Dedoose Analyze Workspace Mixed Methods Chart Menu Analyze img 2

It is also worth noting that a number of the charts, tables, and plots will appear in multiple sets within the ‘Chart Selector’ depending on the aspects of the database being represented in the visual. For example, the ‘Excerpts Per Document’ chart will appear in both the ‘Document Charts’ and ‘Excerpts Charts’ folders.
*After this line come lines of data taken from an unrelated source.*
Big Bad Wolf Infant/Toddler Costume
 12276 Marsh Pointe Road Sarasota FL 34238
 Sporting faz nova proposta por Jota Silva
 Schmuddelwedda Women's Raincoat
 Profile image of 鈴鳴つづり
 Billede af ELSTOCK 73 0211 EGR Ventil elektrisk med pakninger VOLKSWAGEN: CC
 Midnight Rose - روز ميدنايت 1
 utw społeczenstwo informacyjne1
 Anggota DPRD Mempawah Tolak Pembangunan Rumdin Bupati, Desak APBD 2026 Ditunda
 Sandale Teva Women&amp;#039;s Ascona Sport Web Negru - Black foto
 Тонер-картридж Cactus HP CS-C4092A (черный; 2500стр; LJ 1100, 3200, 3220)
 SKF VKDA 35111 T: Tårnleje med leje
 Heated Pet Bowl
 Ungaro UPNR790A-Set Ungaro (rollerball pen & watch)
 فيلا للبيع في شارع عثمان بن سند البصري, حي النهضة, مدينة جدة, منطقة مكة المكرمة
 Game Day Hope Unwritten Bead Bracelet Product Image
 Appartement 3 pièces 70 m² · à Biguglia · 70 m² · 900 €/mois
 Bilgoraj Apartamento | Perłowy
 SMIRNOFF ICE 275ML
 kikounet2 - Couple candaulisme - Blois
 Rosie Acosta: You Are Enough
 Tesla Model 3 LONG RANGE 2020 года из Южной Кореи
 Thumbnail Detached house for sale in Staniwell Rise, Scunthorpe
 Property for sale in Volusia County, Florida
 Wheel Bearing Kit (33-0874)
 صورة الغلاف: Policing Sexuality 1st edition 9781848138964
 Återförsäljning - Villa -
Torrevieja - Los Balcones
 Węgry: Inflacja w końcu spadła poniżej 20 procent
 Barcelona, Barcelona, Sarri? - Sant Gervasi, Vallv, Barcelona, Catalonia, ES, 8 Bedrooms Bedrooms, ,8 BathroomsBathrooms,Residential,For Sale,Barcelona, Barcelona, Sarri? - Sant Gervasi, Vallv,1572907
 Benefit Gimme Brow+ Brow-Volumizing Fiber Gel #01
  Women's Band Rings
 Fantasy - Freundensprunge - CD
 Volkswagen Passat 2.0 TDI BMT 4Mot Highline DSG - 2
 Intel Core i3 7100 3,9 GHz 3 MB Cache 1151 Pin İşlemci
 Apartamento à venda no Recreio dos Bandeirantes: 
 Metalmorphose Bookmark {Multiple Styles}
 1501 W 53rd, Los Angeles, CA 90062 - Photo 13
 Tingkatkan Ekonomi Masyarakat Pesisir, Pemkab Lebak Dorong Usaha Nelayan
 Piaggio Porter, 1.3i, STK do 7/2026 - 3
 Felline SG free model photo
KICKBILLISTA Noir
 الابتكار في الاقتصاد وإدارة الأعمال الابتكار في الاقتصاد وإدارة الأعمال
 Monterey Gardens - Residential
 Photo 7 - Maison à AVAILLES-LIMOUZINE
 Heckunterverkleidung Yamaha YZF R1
Analysis Charts, Tables, and Plots

The Dedoose Analyze Workspace offers a wide variety of data visualizations. These visualizations can be used to examine the general nature of your data, understand how the code system has been applied to the qualitative content, and expose patterns of variation in the qualitative data and coding activity across sub-groups. The visuals can be exported to facilitate the presentation of research findings, and as filters or windows to drill deeper into findings. These charts, tables, and plots are designed to be as informative, intuitive, and transparent as possible. They can be used in numerous combinations and be flexibly adapted to address particular research questions. Finally, most visuals have a variety of options that will be found in upper right corner of display, so look for icons to swap display format, expand view, export, include sub-code count …


Fundamental to all aspects of the Dedoose design is transparency. Our goal is to ensure that all users can quickly learn to navigate smoothly throughout Dedoose and easily access the features, input data, manipulation, and analysis tasks. Noteworthy is that in the Analysis Center and throughout Dedoose, every bar, slice of pie, bubble, and cell in a table is ‘HOT,’ i.e. dynamically linked to the underlying qualitative data. One click on the aspect of the visual will pull up the associated qualitative content being represented by the bar/slice/bubble/cell. From there you can explore further to more deeply understand the nature of the qualitative content or export for use in a manuscript or presentation preparation.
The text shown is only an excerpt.